_What to produce_:
Could you output the whole listing exactly as it stands, minus any images?

_Record excerpts_:
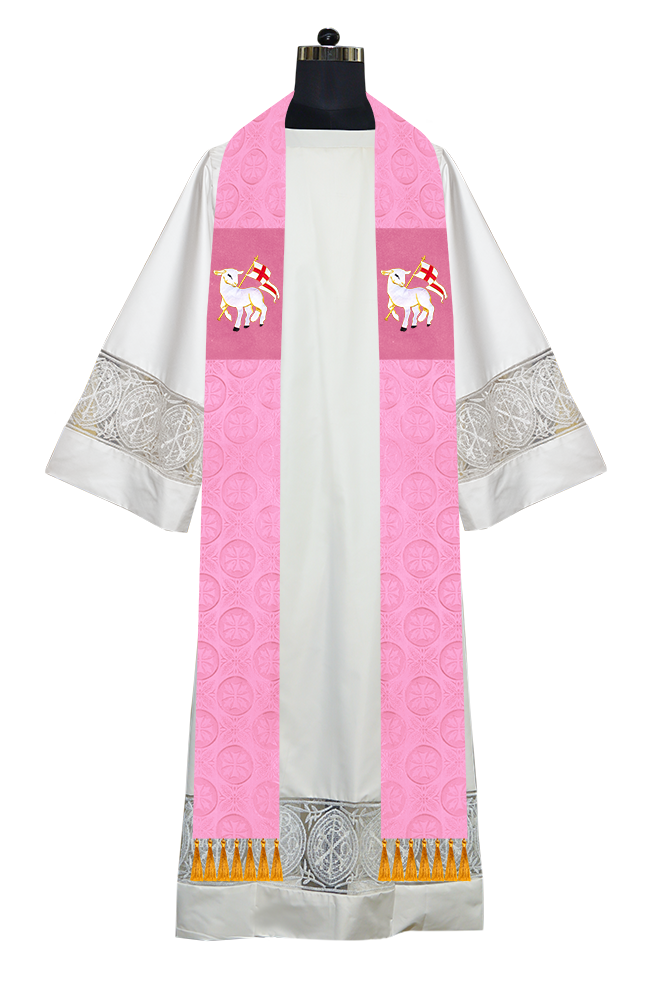 Ordination Stole with Embroidered Spiritual Motif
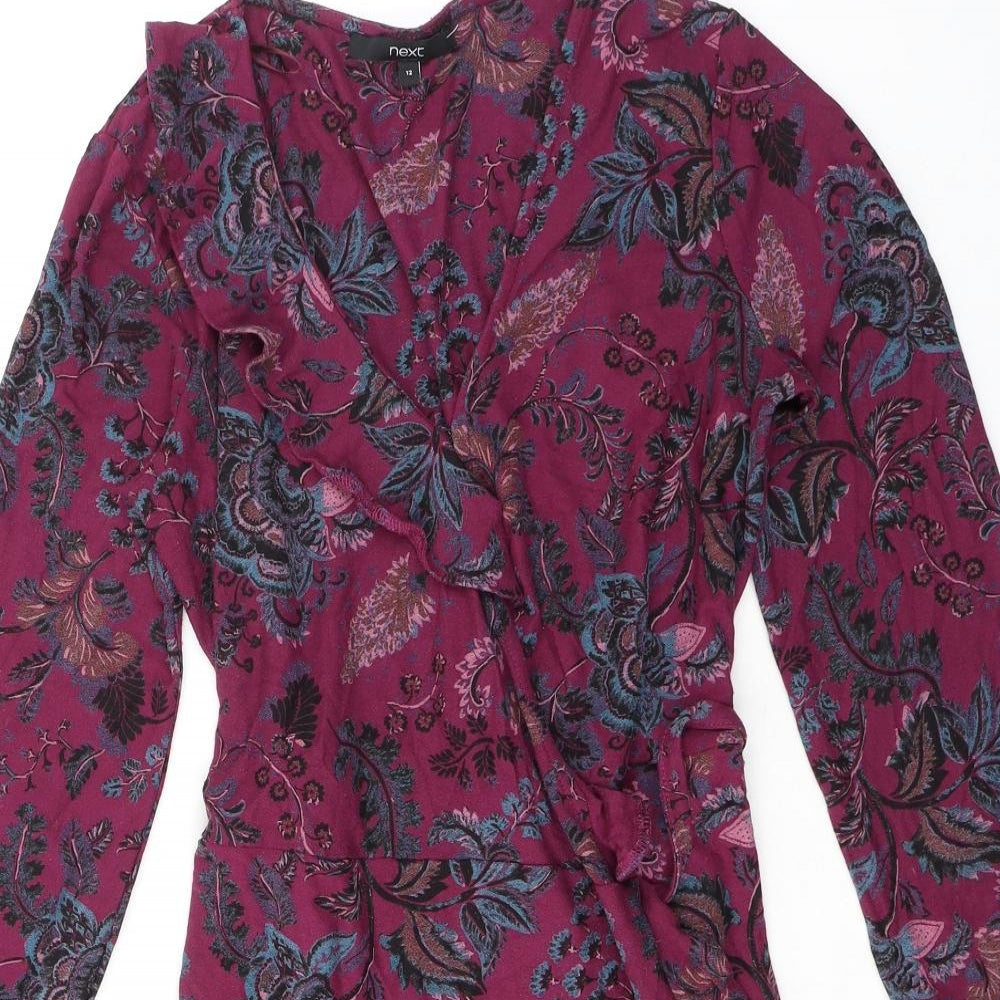 NEXT Womens Purple Floral Viscose Wrap Dress Size 12 V-Neck Pullover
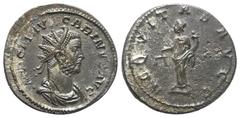 Roman Imperial Coinage Carinus (283 - 285 n. Chr.). Antoninian. 283 n. Chr. Lugdunum. Vs: IMP C M AVR CARINVS AVG. Büste mit Strahlenkrone, Paludament und Panzer rechts. Rs: AEQUITAS AVGG. Aequitas mi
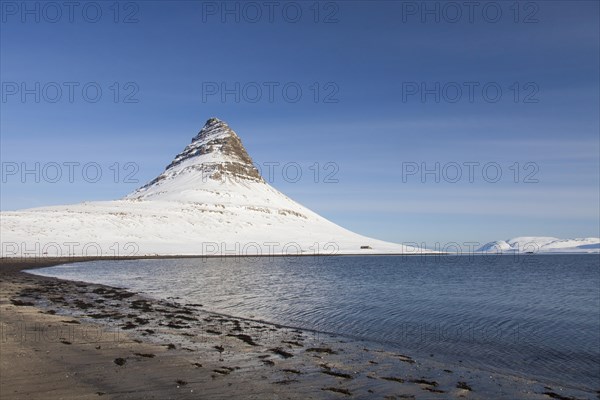 Kirkjufell mountain on the Snaefellsnes peninsula in the snow in winter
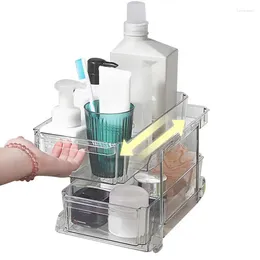 Storage Bags Bathroom Countertop Organizer Pantry Pull Out Shelf Holder Clear 2 Tier Drawer For Cosmetics Jewelry Spice Bottles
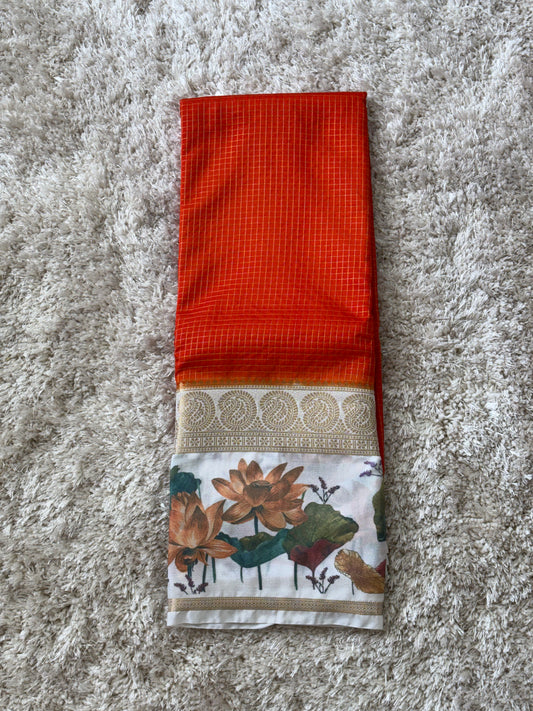 Semi Mysore Silk Checks : Orange - TN075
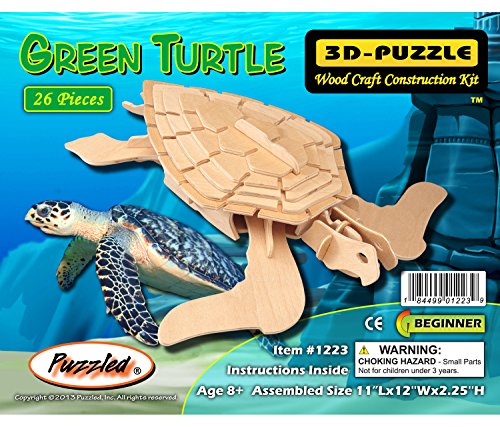 Puzzled Green Turtle Wooden 3D Puzzle Construction Kit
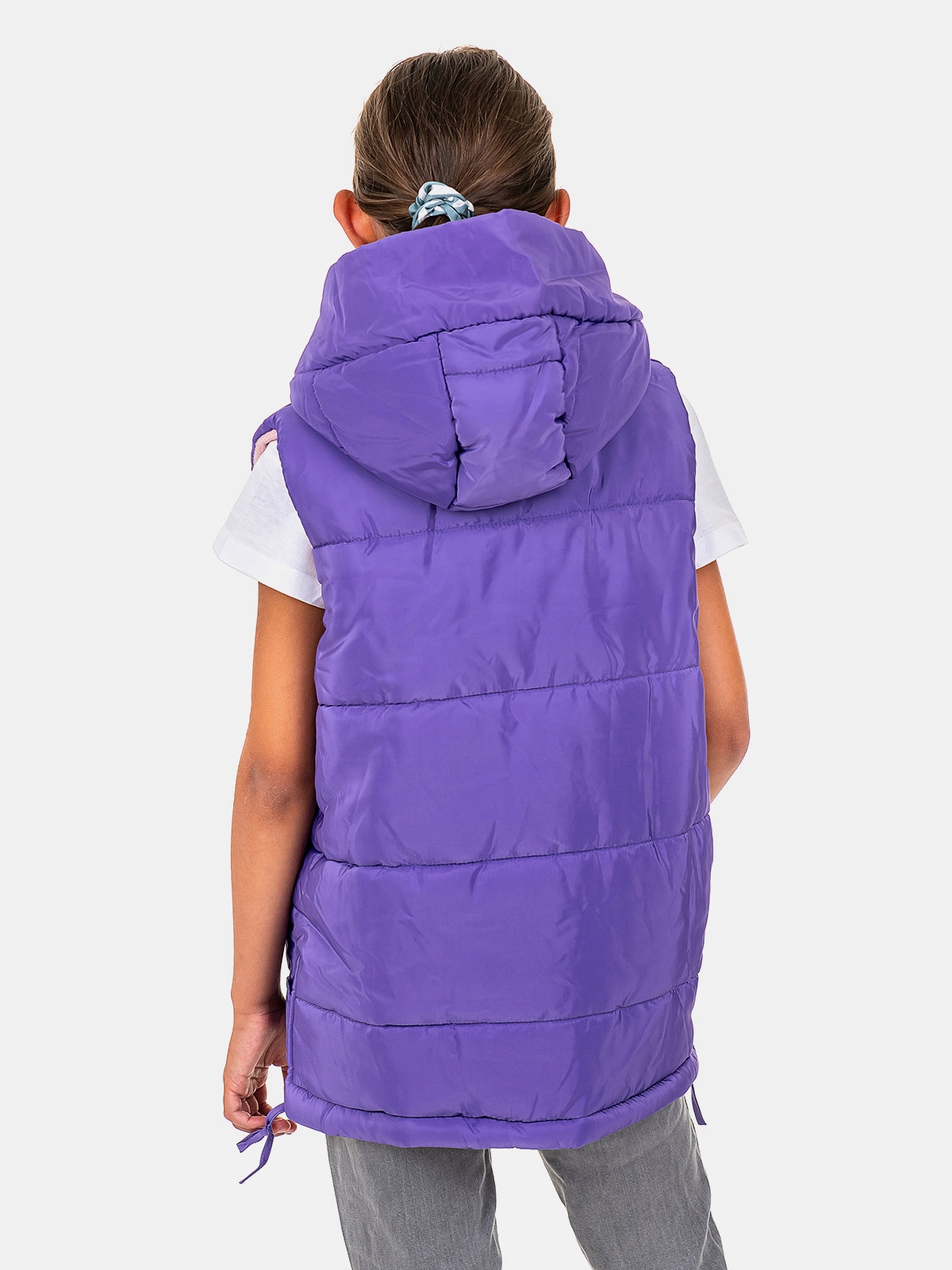 BEZRĘKAWNIK PIKOWANY Z KAPTUREM KAMIZELKA 146 Marka SZACHOWNICA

_Response to the exercise_:
 Ordination Stole with Embroidered Spiritual Motif
 NEXT Womens Purple Floral Viscose Wrap Dress Size 12 V-Neck Pullover
 Roman Imperial Coinage Carinus (283 - 285 n. Chr.). Antoninian. 283 n. Chr. Lugdunum. Vs: IMP C M AVR CARINVS AVG. Büste mit Strahlenkrone, Paludament und Panzer rechts. Rs: AEQUITAS AVGG. Aequitas mi
 Kirkjufell mountain on the Snaefellsnes peninsula in the snow in winter
 Storage Bags Bathroom Countertop Organizer Pantry Pull Out Shelf Holder Clear 2 Tier Drawer For Cosmetics Jewelry Spice Bottles
 Semi Mysore Silk Checks : Orange - TN075
 Puzzled Green Turtle Wooden 3D Puzzle Construction Kit
 BEZRĘKAWNIK PIKOWANY Z KAPTUREM KAMIZELKA 146 Marka SZACHOWNICA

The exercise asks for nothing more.